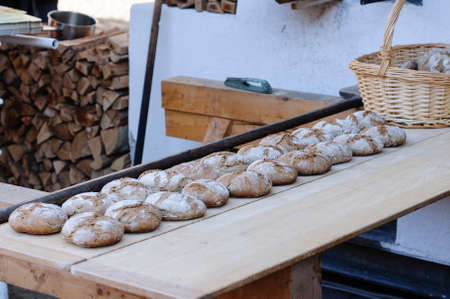 Loafs of bread baked using a traditional ovenの写真素材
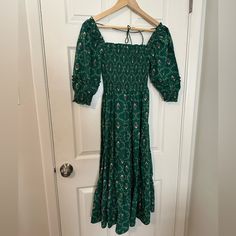 a green dress hanging on a white door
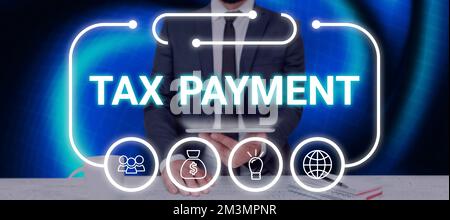 Affiche le paiement des taxes. Photo conceptuelle une somme d'argent que vous devez payer au gouvernement Banque D'Images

-*-

**Instructions to follow**. All the lines above should be reproduced exactly, and none of the pictures.

**Solution to this task**.
 Loafs of bread baked using a traditional ovenの写真素材
 a green dress hanging on a white door
 Affiche le paiement des taxes. Photo conceptuelle une somme d'argent que vous devez payer au gouvernement Banque D'Images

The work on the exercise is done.